Na construção civil, lembrou, praticamente não há obras públicas em andamento, e no setor imobiliário há uma devolução grande de unidades vendidas em tempos de inflação estacionária. Agora, com prestações proibitivas, esses mutuários optam por devolver, "causando problemas para o setor financeiro", disse.
Nessa toada, destacou a elevação da inadimplência - o que faz os bancos aumentarem as provisões para devedores duvidosos neste final de ano, já que as expectativas com o 13º não devem se concretizar.
Com a antecipação das parcelas para aposentados e pensionistas do INSS, segundo o empresário do setor bancário, não haverá recursos nessa época, e evidentemente esse quadro preocupa o conjunto da economia.
Além do repasse para os salários, o representante dos bancos apontou que a inflação também já atingiu serviços como mensalidades escolares, "prenunciando um mês de janeiro bastante nebuloso."
CAMINHANDO DE LADO
Um ambiente de falta de previsibilidade, devido à falta de produtos e matérias-primas, aumento nos preços e nos juros, além do alto nível de desemprego e renda corroída dão uma ideia do cenário para final de 2021 e início de 2022.

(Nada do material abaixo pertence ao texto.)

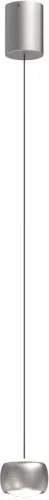 AVIANO LIGHTING 6039-103 QUIBERON Egyágú Függesztett Lámpa Fém LED IP20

Na indústria de transformação, a situação continua bastante desfavorável, e com queda na margem de produção em setembro em níveis abaixo de 2020 e 2019, destacou um representante do setor.
Nos últimos quatro meses, o setor registra queda de 2,6%. Em relação a setembro de 2020, o recuo foi de 3,9%. A única notícia que dá algum alento aos fabricantes é a ligeira melhora na oferta mundial de componentes.
Mesmo assim, olhando para a frente, não há expectativa positiva no curto prazo. Em sua avaliação, a indústria caminha de lado, com ligeira tendência de queda e pressões para o ano que vem - como o preço da energia, que, pelas projeções da Enel, corroboradas pela Confederação Nacional da Indústria (CNI), deve subir de 20% a 25%
Uma representante da indústria de eletroeletrônicos lembrou que, no momento, não há uma dificuldade das empresas do segmento em encontrar componentes, mas sim em absorver a elevação dos preços.
Porém, ela reforçou que este é um problema com o qual será preciso conviver nem 2022 e, junto aos gargalos logísticos, preço do frete e dificuldades na reserva de contêineres, prejudicam a previsão para o próximo ano.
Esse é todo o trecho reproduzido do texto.